Conversely, when investor sentiment improves, investors may consider accumulating more small-cap stocks due to their growth potential when economic conditions improve. When investors decide to invest in small-cap stocks, it can drive the Russell 2000 up, indicating that investors are moving towards more speculative stocks and adopting a "risk-on" mentality by buying small-cap stocks that are part of the Russell 2000.
The Russell 2000 is a market-cap-weighted index, which means that the companies with the largest market capitalizations have a greater impact on the index's performance. The index is reconstituted annually to ensure that it accurately reflects the small-cap segment of the U.S. stock market. The Russell 2000 is often used as a benchmark for actively managed small-cap mutual funds and exchange-traded funds (ETFs). Investors can use the index to gauge the performance of their small-cap investments and compare them to the broader small-cap market. Investors can view the Russell 2000 on tastytrade by entering RUT into their symbol field on any of the trading platforms.

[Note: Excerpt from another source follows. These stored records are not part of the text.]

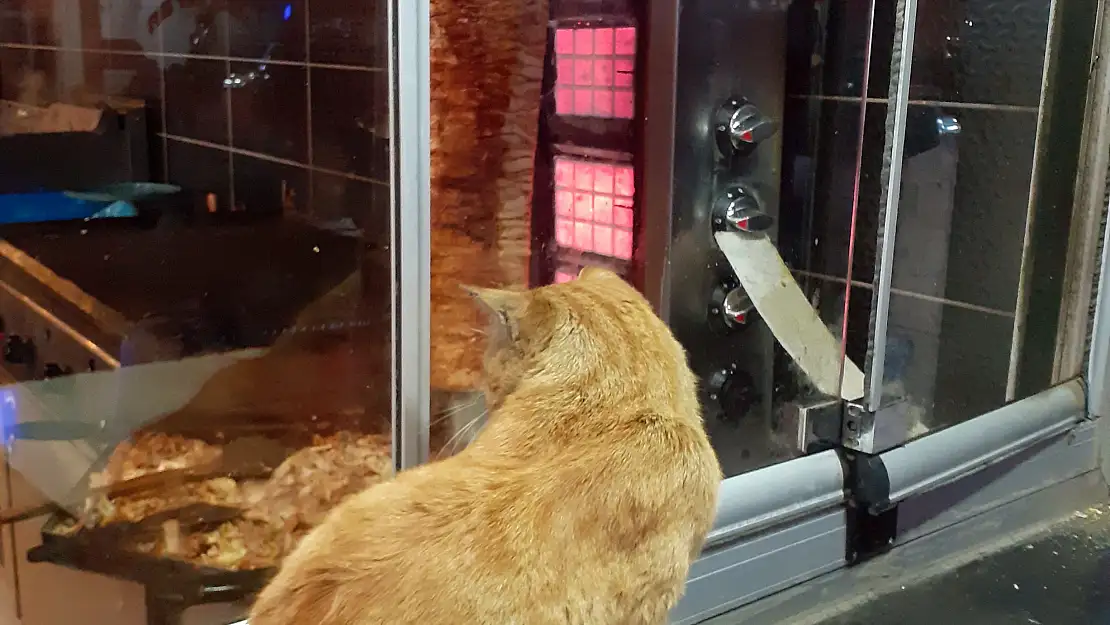 Ağrı'da tavuk dönere bakan aç kedi yürekleri sızlattı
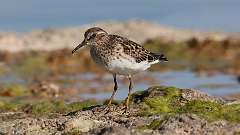 132: 2024-05-19-Least Sandpiper 0C3_2593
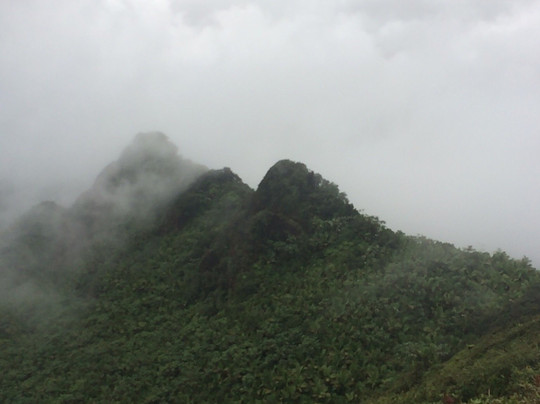 PR Paradise Tours and Transportation-圣胡安必去景点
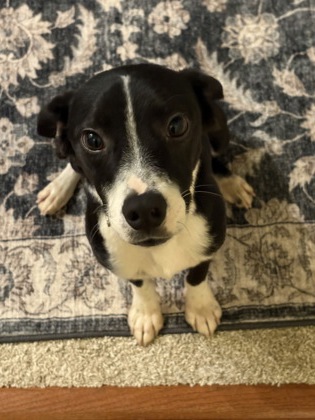 2062B Bark Brooks - Adoption Ambassador photo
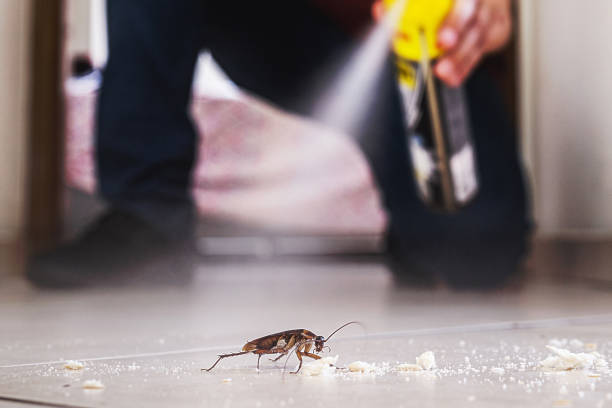 Best Local Pest Control Services  in Monmouth Beach, NJ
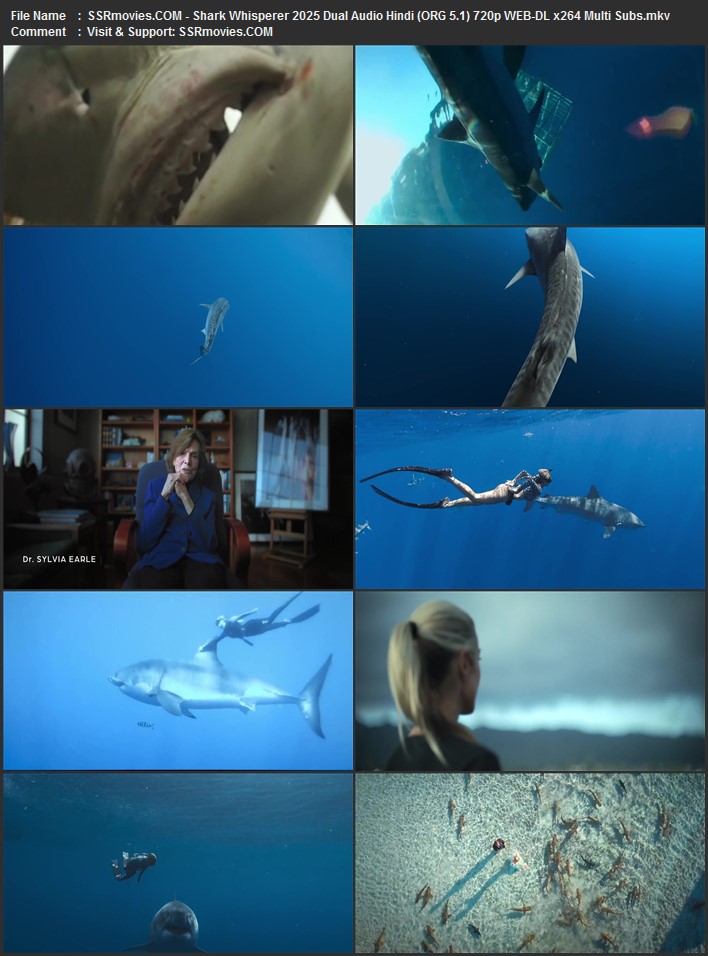 Shark Whisperer 2025 English 1080p 720p 480p WEB-DL x264 ESubs Full Movie Download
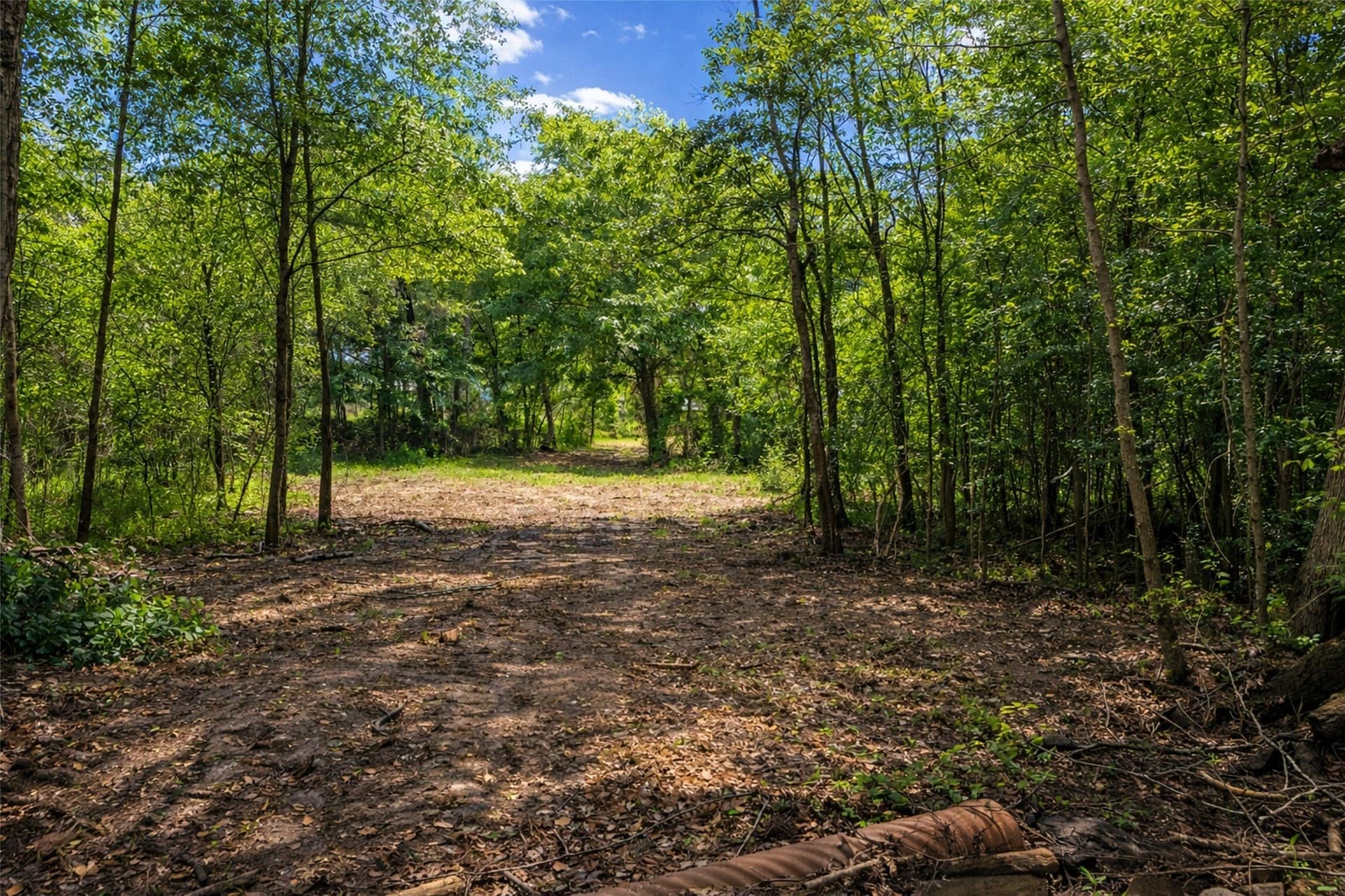 53.99 acres in Smith County - photo 4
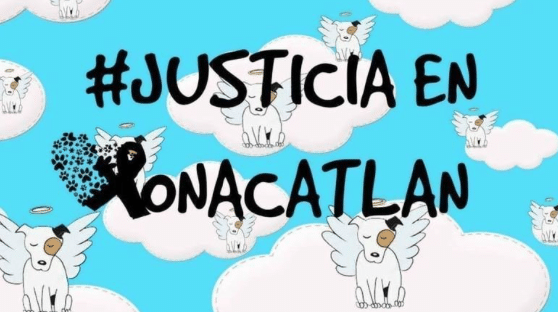 Organización inicia petición en change.org por envenenamiento masivo de canes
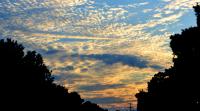 <img200*0:stuff/aj/24832/1291644972.jpg>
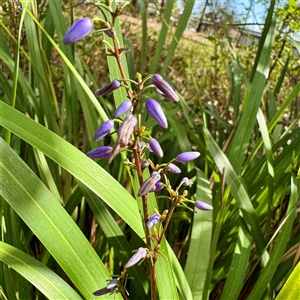 Dianella sp. at Townsville City, QLD - Today by Hejor1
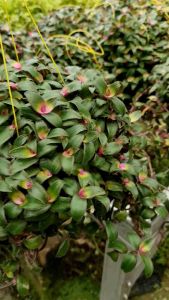 Gewor Two Colour | Tanaman Hidup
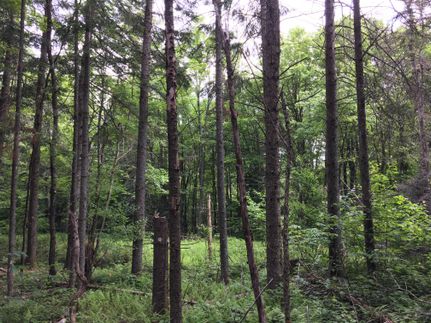 Property in Lewis County, New York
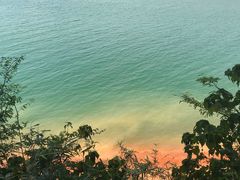 -广州市流溪河国家森林公园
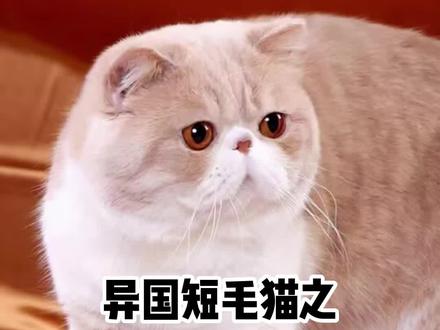 一分钟了解加菲猫有哪些优点!#猫咪 #宠物知识 #科普 @抖音小助手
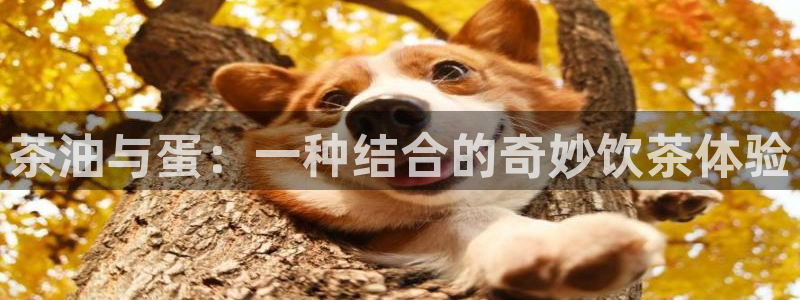 彩鸿运平台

Investors seeking exposure to small-cap companies can evaluate stocks within the Russell. Like any other index, investors cannot “buy” the Russell 2000 since it is a composite index, but the RUT does have an options market. RUT is only traded on a single exchange (CBOE) and is subject to proprietary options fees on a per-contract basis, in addition to standard commissions and fees.
IWM is the Russell ETF that does have a stock and options market available.
Investors should obtain a copy of the investment company’s prospectus, which contains important information about the investment company, related risks, and expenses. Carefully read the prospectus before investing in an ETF.
All investments involve risk of loss. Please carefully consider the risks associated with your investments and if such trading is suitable for you before deciding to trade certain products or strategies. You are solely responsible for making your investment and trading decisions and for evaluating the risks associated with your investments.